The book’s 18 chapters are organized into three main sections. “The Golden Years” (Chapters 1-8) tells of George and Martha’s courtship and early marriage. “Our Glorious Cause” (Chapters 9-15) gives us the growing revelation of what the colonies’ resistance to Britain will mean to the country and to the Washingtons in particular. We see firsthand the grim conditions on the battlefield and come to appreciate the sacrifices many made for freedom. “The Course of Duty” (Chapters 17 -18) takes us to the end of the war and shows the pressures on George and Martha as George agrees to become the first American president while remaining responsible for a large and needy family. Though writing around a plot that has been largely determined by real life must be tricky for a fiction writer, I felt Moser did a good job of weaving an interesting character-centered story using the plot cards history dealt her and adding a few of her own where the record was mute.
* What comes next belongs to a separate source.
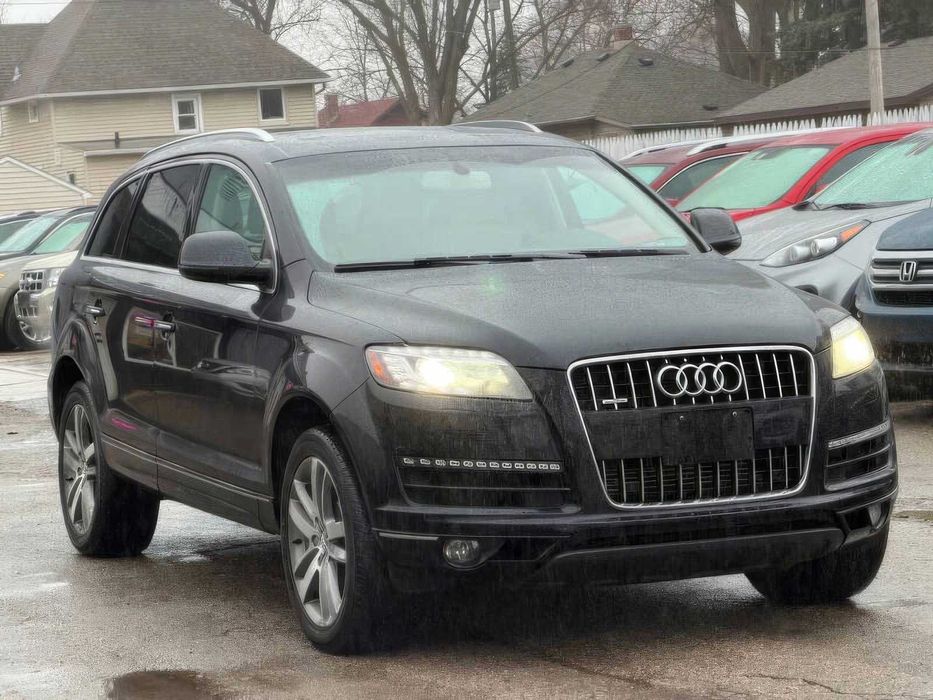 Audi Q7      2014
The way Moser weaves that story is by creating many short scenes. Each chapter consists of a multitude of vignettes of varying lengths told in first person by Martha. In this way we get a well-rounded view of this plump, determined, optimistic, warm woman, who is also generous, unpretentious, hospitable, industrious, a smothering mother, doting grandmother, and an unendingly devoted wife. The other main character, George, is seen through Martha’s eyes and Moser manages to preserve our sympathy and respect for him, even when viewed at such close range.

There are a host of secondary characters and I did, from time to time, find myself puzzling over who was who. A family tree or some sort of chart illustrating the relationships between characters would have been helpful.
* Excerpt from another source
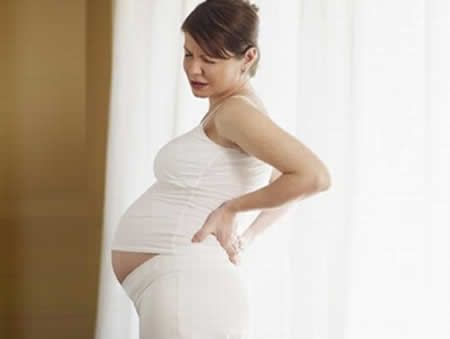 Πόνος στην πλάτη κατά την εγκυμοσύνη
And while we’re on wish lists – a little more information about dates (noted at the beginning of each chapter and within the chapters especially when there are time lapses in the action, for example) would have been nice too. I sometimes found myself confused about how much time had elapsed from scene to scene and wondering what year we were in.

Moser’s writing style is brisk and as no-nonsense as Martha, into whose skin she manages to climb with the adroitness of an actress. I liked the signature way she ends most scenes with a short, punchy statement, as one imagines Martha would have: “But I didn’t"; "Another promise to be fulfilled"; "I would not allow it"; "We would see.”

Many themes run through the book. The fear of death, especially the death of family members and children, occupies Martha a lot. Martha is a devout Christian who takes her relationship with God seriously. Thus it’s no surprise that she struggles with feelings of betrayal during times of personal tragedy – which are many. Parenting is another subject that keeps reappearing as Martha struggles with being too lenient with her son and letting George, his stepfather, be a real dad to the boy. The marriage relationship is another theme that pervades the book. We witness how George and Martha ride out the storms that family living, war, and public office bring.

Finally, the book is about character. In our time of self-indulgence, it seems odd to see people sacrifice private and family life with the integrity, selflessness, and sense of duty that Martha and George serve America in its infancy.

Washington's Lady will appeal to the reader who is a student of American history and people. Though it may lack the compelling magnetism of a page-turner, I truly enjoyed my brief sojourn with Moser’s warm and human Martha. By the end, I wished I could hostess a party for her, where, as I poured her tea, I would tell her how much I admired her for the person she was and the great job she had done.